S&P 500 Eyes Record Close While a War Shuts Down the World's Oil Tap — Markets Are Gaslighting Us
AI chips are ripping, the Strait of Hormuz is basically a parking lot, and somehow the bulls are winning — for now

Ticker Ratings
Let's set the scene: the Strait of Hormuz — which moves 80% of Asia's oil and 90% of its LNG — is essentially closed. Brent crude is above $105/barrel. Thirty-four ships have already turned around. And yet, the S&P 500 is on track for its longest weekly winning streak since 2024, Nasdaq hit a record high, and $NVDA just crossed a $5 trillion valuation. S&P's own Daniel Yergin called this the biggest energy disruption we have ever seen, and markets are pricing it like a minor inconvenience. Bloomberg's energy coverage is screaming; the trading floor is chilling.
The real story driving the rally?

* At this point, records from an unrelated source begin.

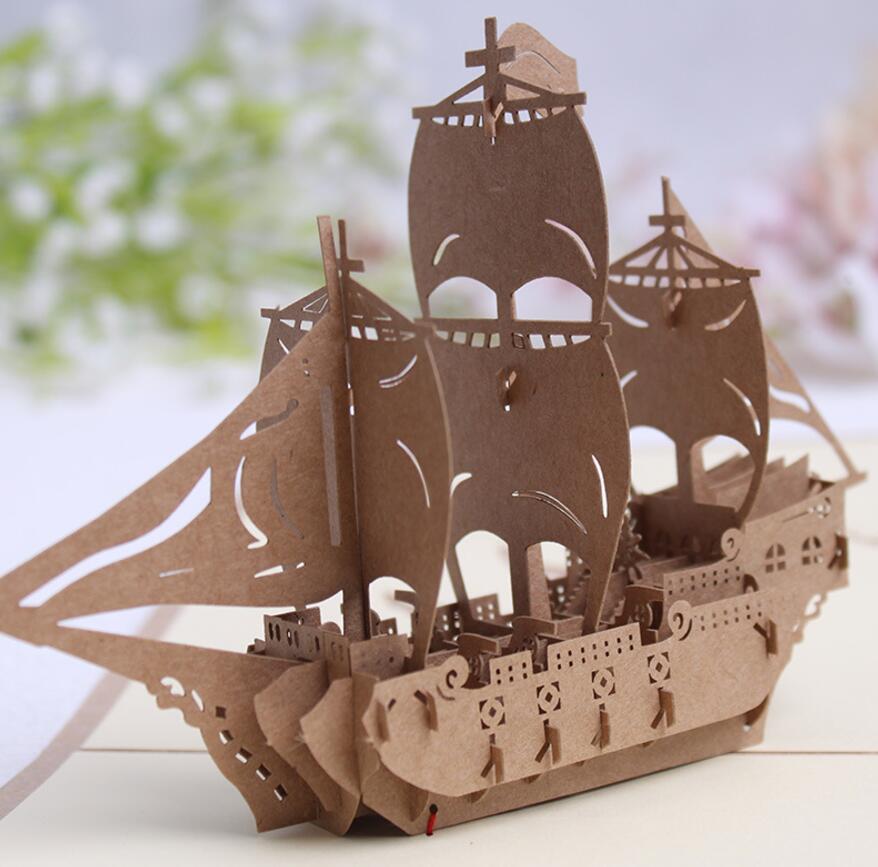 Bateau à voile de 10 pièces | Carte d&#39;invitation Pop UP 3D, Kirigami Origami, pour mariage, de fête d&#39;anniversaire, fait à la main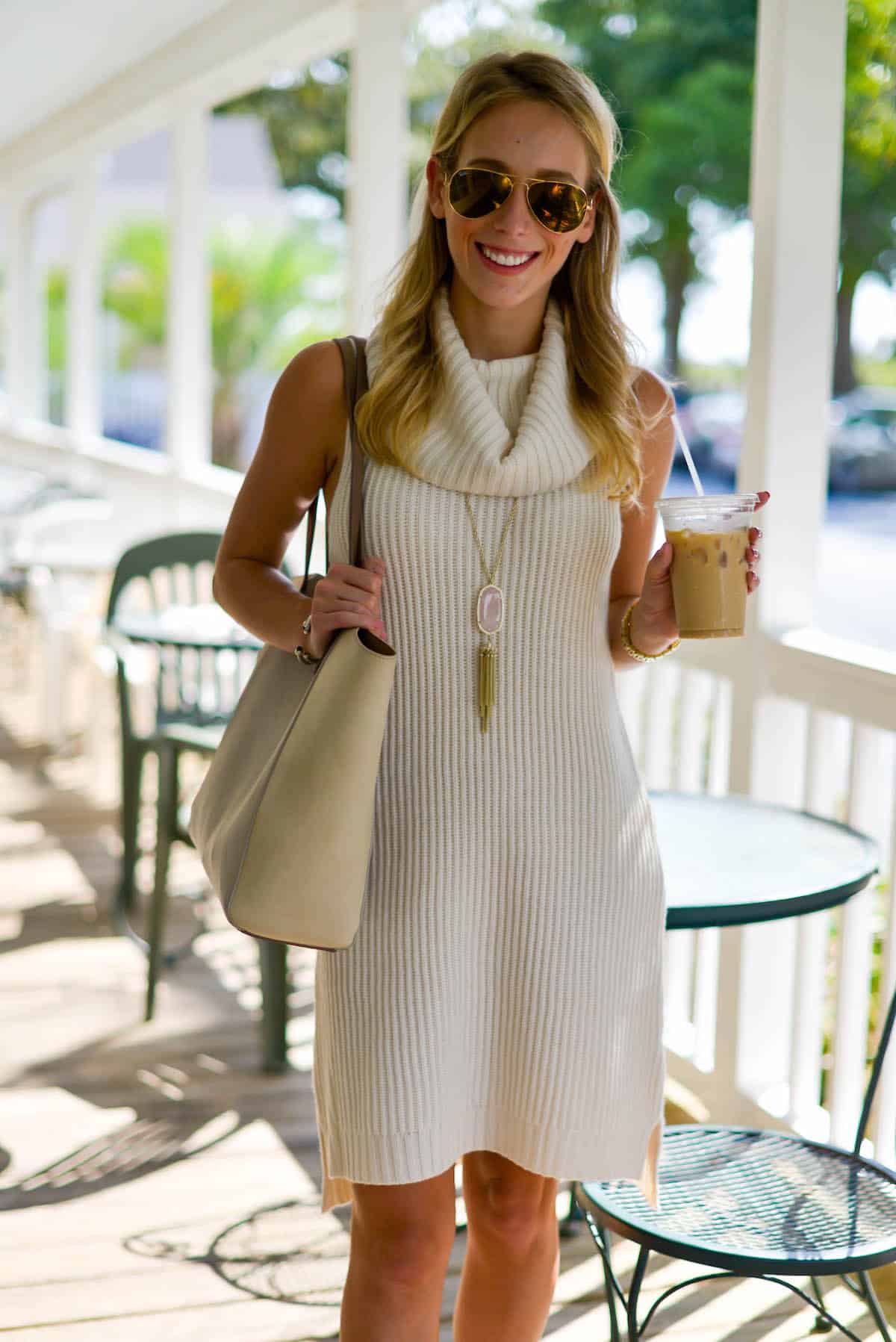 cowl neck sweater dress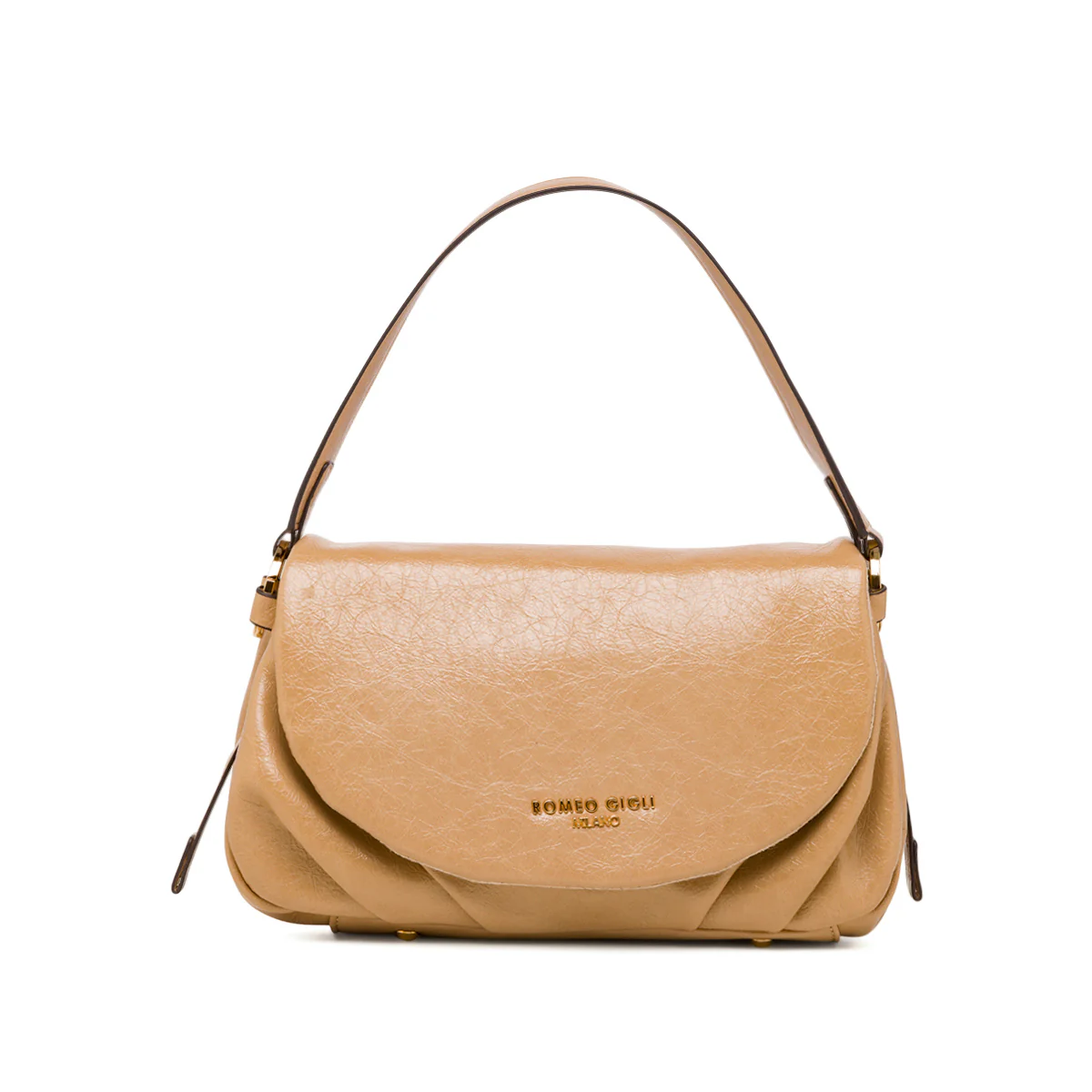 Borsa a spalla beige a donna con logo Romeo Gigli Milano - Image 2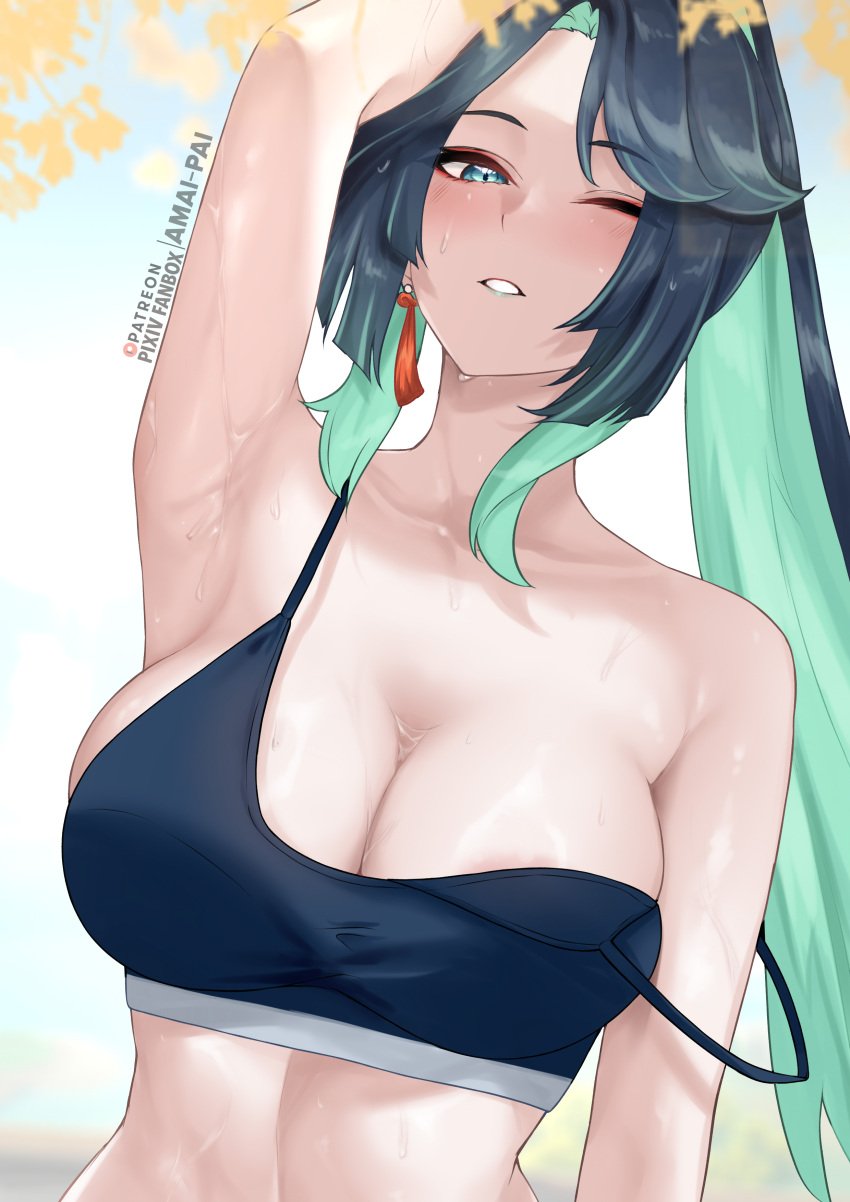 1girls amai-pai armpits crop_top genshin_impact large_breasts lipstick long_hair multicolored_hair solo_female sports_bra sweat teal_eyes xianyun_(genshin_impact)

Pure, uncut AI chip euphoria. $INTC erupted 23% in a single session — its best day since October 1987 — after crushing earnings with $0.29 EPS vs. $0.01 expected and a Q2 forecast that beat the Street by 14%. The SOX semiconductor index logged its 18th straight day of gains, the longest streak on record. The DOJ also dropped its probe into Fed Chair Powell, clearing the runway for Kevin Warsh's Senate confirmation — a dovish-leaning regime change that traders appear to be pricing in aggressively ahead of a potentially historic May Fed meeting.
The disconnect between financial markets and physical reality is the trade of the decade — the only question is who blinks first: the bulls or the billion-barrel oil shock heading straight for U.S. import prices this summer.